Dans le procès en frilosité instruit contre la municipalité, il est un chantier qui, paradoxalement, joue en faveur des élus. En 2016, la mairie a entrepris la démolition des si mal aimées Halles centrales, dont l’esthétisme en béton armé offensait quelque peu la cathédrale Saint-Etienne lui faisant face. Aujourd’hui débarrassée de sa "verrue", la place de la Grille n’est plus qu’un rectangle de terre battue sans fonction précise. "L’idée de la mairie est de dire : ‘on laisse la place à nu, on voit les usages qui se mettent en place et après on déterminera les choses", se réjouit Clément Palant, co-organisateur du festival Banc public, qui milite en faveur de la réappropriation citoyenne des espaces communs.
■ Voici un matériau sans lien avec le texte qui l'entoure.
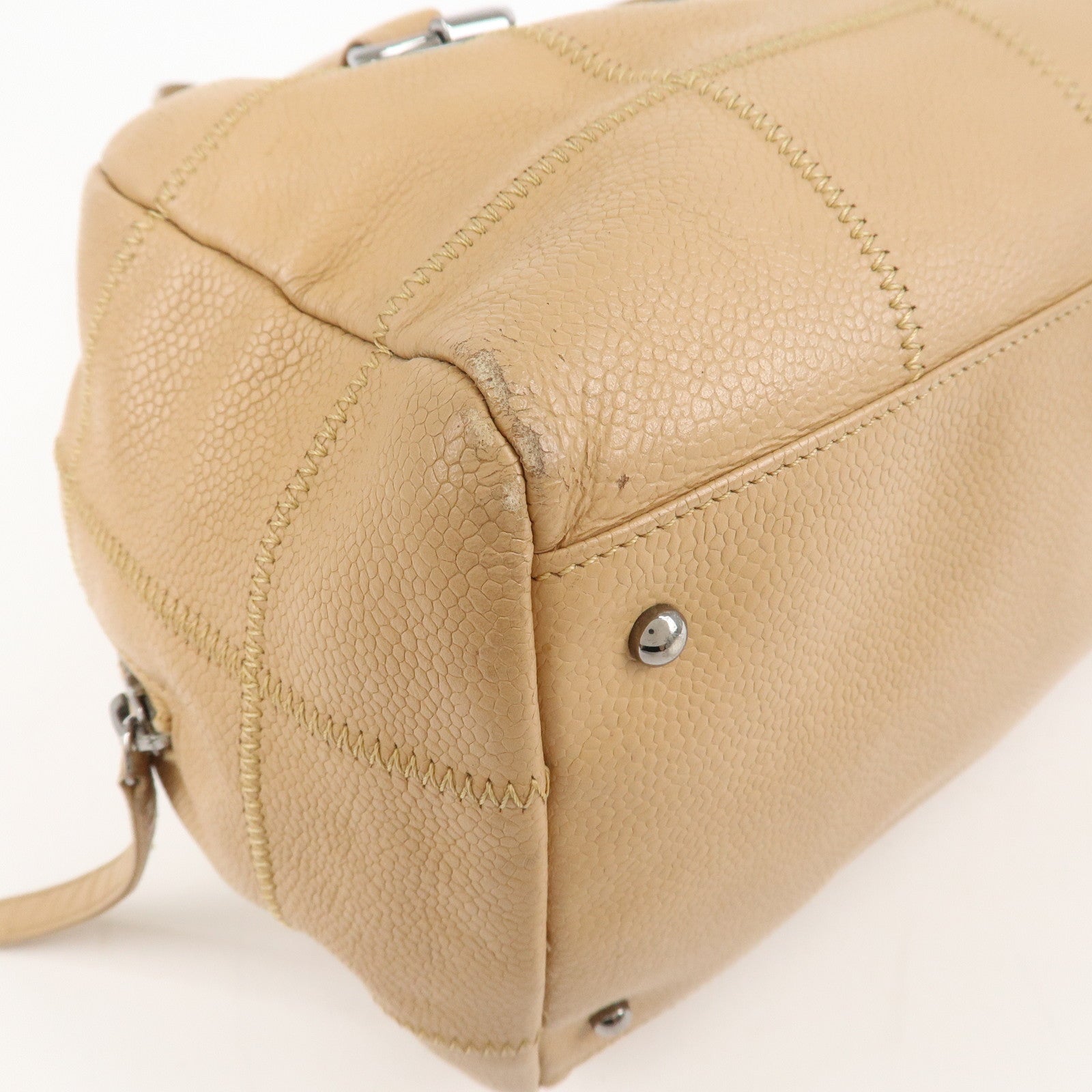 CHANEL Chocolate Bar Caviar Skin Mini Boston Bag Beige A26135 Used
"À quelque chose malheur est bon." Parfois, c’est avec les vieux dictons qu’on lutte contre les vieilles recettes. Pour nombre d’habitants, le marasme commercial dans lequel Saint-Brieuc s’est enfoncé marque la fin d’un modèle qui a fait son temps, et offre l’occasion de repenser un cœur de ville maintenu depuis trop longtemps sous perfusion. "Nous n’arrivons pas à nous battre contre les grandes zones commerciales, constate Clément Palant. N’est-ce donc pas le moment de réfléchir le centre-ville autrement, de se réapproprier la rue piétonne en y installant autre chose que du commerce ? D’autres services, de la culture, de l’échange, par exemple."



| C'est quoi l'espace public ?


Riche d’un réseau associatif extrêmement actif (une association pour 55 habitants, selon les chiffres consacrés), Saint-Brieuc constitue un terreau favorable aux initiatives citoyennes dites "responsables". À Robien, derrière la gare, un comité de quartier œuvre au maintien du lien social, qui en défrichant une parcelle, qui en organisant des expositions de rue. Tandis qu’un peu partout dans la ville, l’association Incroyables Comestibles installe des potagers de rue que les habitants peuvent jardiner à l’envi.

"Saint-Brieuc est un bon terrain d’invention, d’expérimentation. Elle peut devenir le Detroit du Grand Ouest : une ville qui se refabrique sur elle-même, juge Christophe Gauffeny. Mais encore faut-il se l’autoriser et ne pas simplement dupliquer le modèle des grosses agglomérations voisines comme Rennes ou Nantes qui répondent à des logiques différentes."




À la jonction des vallées du Gouët et du Gouédic, le port du Légué connaît depuis quelques années un regain d’activités industrielle et plaisancière.


Saint-Brieuc, trop rurale pour se considérer urbaine, se serait-elle vainement démenée sans savoir qu'elle avait les meilleurs atouts en main ? Après avoir tourné le dos à son littoral et abandonné des hectares de terres agricoles aux impératifs du développement économique, l'agglomération pourrait trouver son salut dans ce que sa situation géographique a bien voulu lui offrir : la terre et la mer. Contre toute attente, le port du Légué connaît depuis quelques années un regain d'activités industrielle et plaisancier. Quant au foncier agricole, d'aucuns se prennent à rêver qu'il trouve sa revanche sur l’étalement urbain. "J’ai bon espoir qu’une économie alternative basée sur la ruralité puisse se propager dans la ville, que la ruralité contamine la ville. Mais il faut assumer notre caractère rural", plaide le directeur du Conseil d’urbanisme et d’architecture.

Avec les équipes de Christophe Gauffeny, des étudiants de l’École d’architecture de Rennes ont planché durant tout un semestre sur l'intégration de terres maraîchères cultivables à Cesson, quartier résidentiel du nord-est de Saint-Brieuc. Le fruit de leur travail jette les bases d’une cité hybride où ville et champ s’enchevêtrent comme les doigts de deux mains qui se rejoignent pour ne faire plus qu’un. Une ville de l’entre-deux. Encore. Mais un entre-deux qui aurait été pensé plutôt que subi. "Connais-toi toi-même", disait Socrate.

Les élus de Saint-Brieuc n’auraient pas été insensibles aux propositions des élèves rennais. Mais sauront-ils s’en inspirer ? "C’est bien de savoir que sa ville a des atouts, indique l’architecte-urbaniste. Mais, à un moment donné, on ne peut pas vivre que sur un potentiel, il faut embrayer."